This post originally appeared on the Green Building Advisor website. www.greenbuildingadvisor.com
I once heard Dr. Joseph Lstiburek use the term “pookie”, which made me chuckle. He was referring to a fluid type product used to seal something. In construction, we use a lot of different caulks, sealants, and adhesives, all of which are available in some sort of tube or bucket. A walk through the caulking isle at any hardware store or lumber yard can make your head spin, what to use when and where.
The Difference Between Sealants and Adhesives
Let’s start with the difference between a sealant and adhesive. The purpose of sealant is to bridge a gap between two surfaces. Some sealants tend to be a cosmetic solution, making the joint look good at a low cost, such as making a small gap between two pieces of trim disappear. Other types of sealants are more effective at stopping air, water or other undesirable substances from moving in or out of the joint, these types of sealants tend to be more expensive than standard painter’s caulk.

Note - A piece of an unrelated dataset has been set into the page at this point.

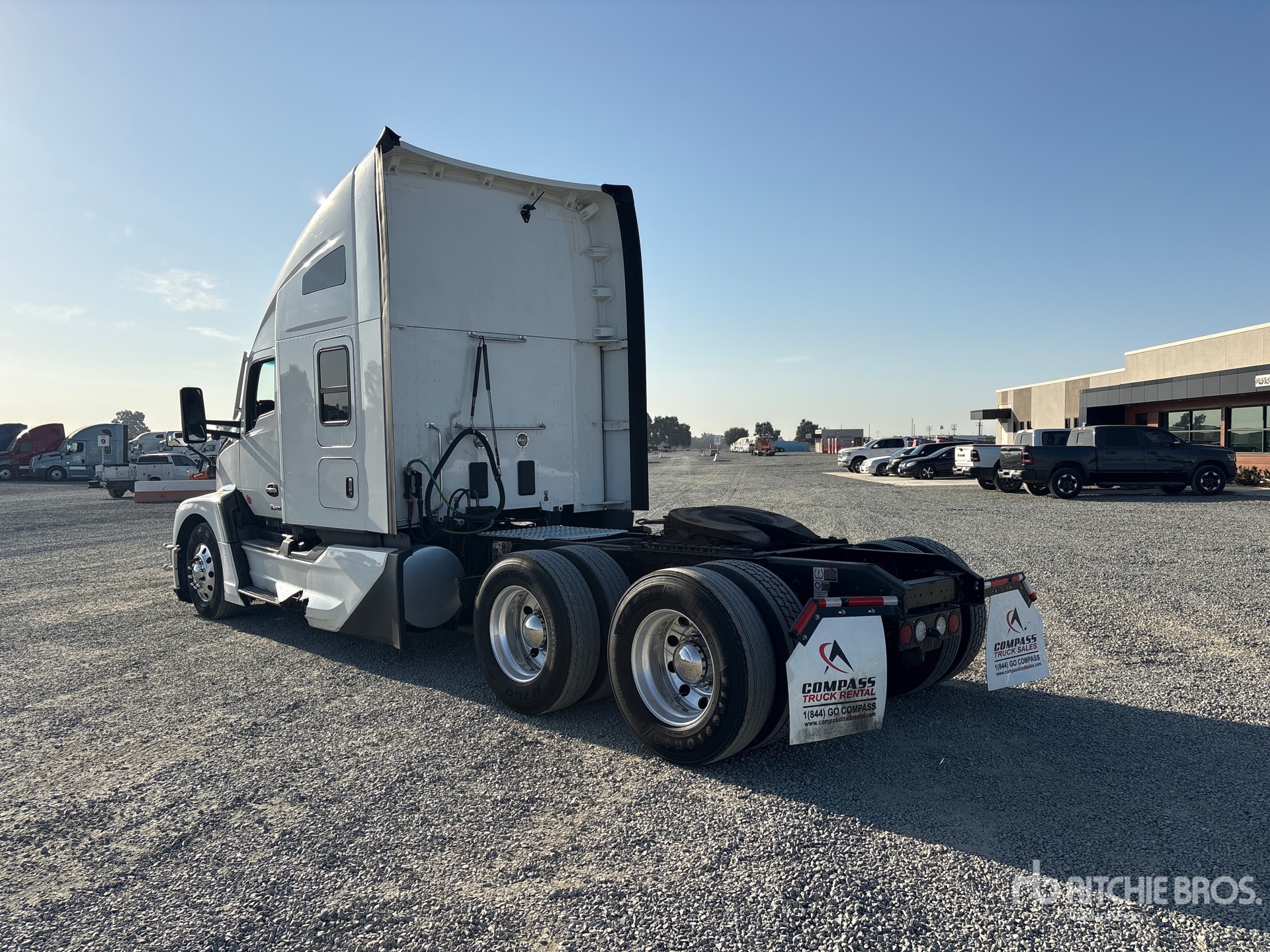 2023 Kenworth T680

Sometimes these purposes are combined, the seal needs to both look good and perform. Sealants have properties with lower strength bonds but have high flexibility. Adhesives, on the other hand tend to have high bond strengths, usually with less flexibility. Adhesives are used to hold two or more surfaces together, a chemical bond if you will. There is a line of adhesives called hybrid adhesives that also act as a sealant, the best of two worlds.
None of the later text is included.